→ **Dataset section**:
——————

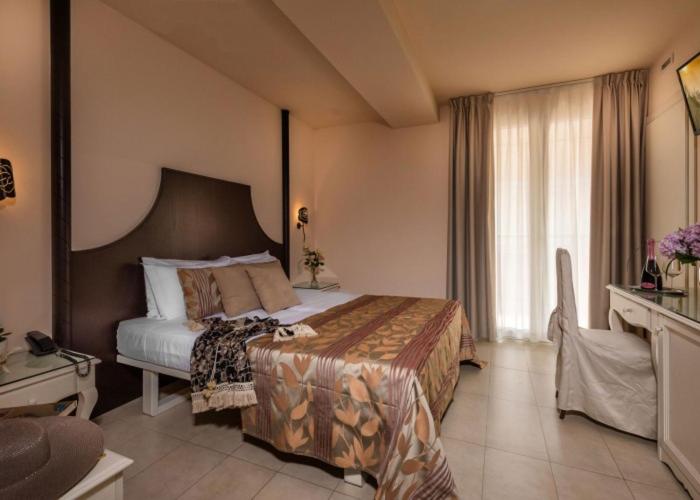 Postel nebo postele na pokoji v ubytování Baia del Mar Beach Boutique Hotel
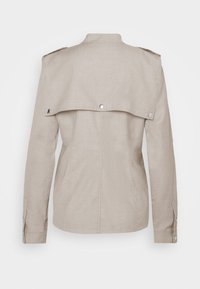 Veste beige à manches longues avec épaulettes, pièce d’empiècement dos et poignets boutonnés, vue de dos sur un fond neutre.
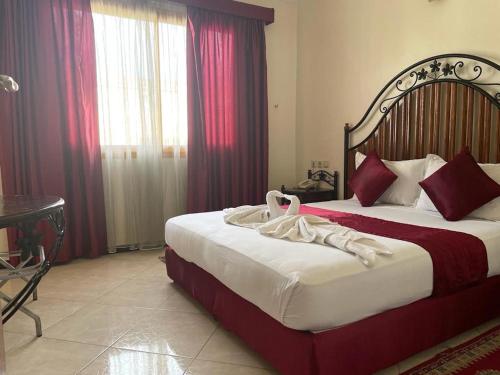 a hotel room with two beds with red curtains at Perla Hôtel in Fès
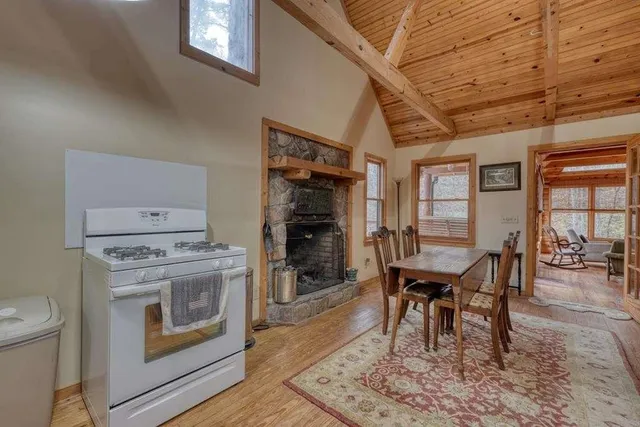 a bedroom with a bed dresser and a window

——————

→ **Problem to work on**: Lines from the start of the material through the line containing "Veste beige à" are to be restated word for word; no picture may be included.

→ **Result for this task**:
 Postel nebo postele na pokoji v ubytování Baia del Mar Beach Boutique Hotel
 Veste beige à manches longues avec épaulettes, pièce d’empiècement dos et poignets boutonnés, vue de dos sur un fond neutre.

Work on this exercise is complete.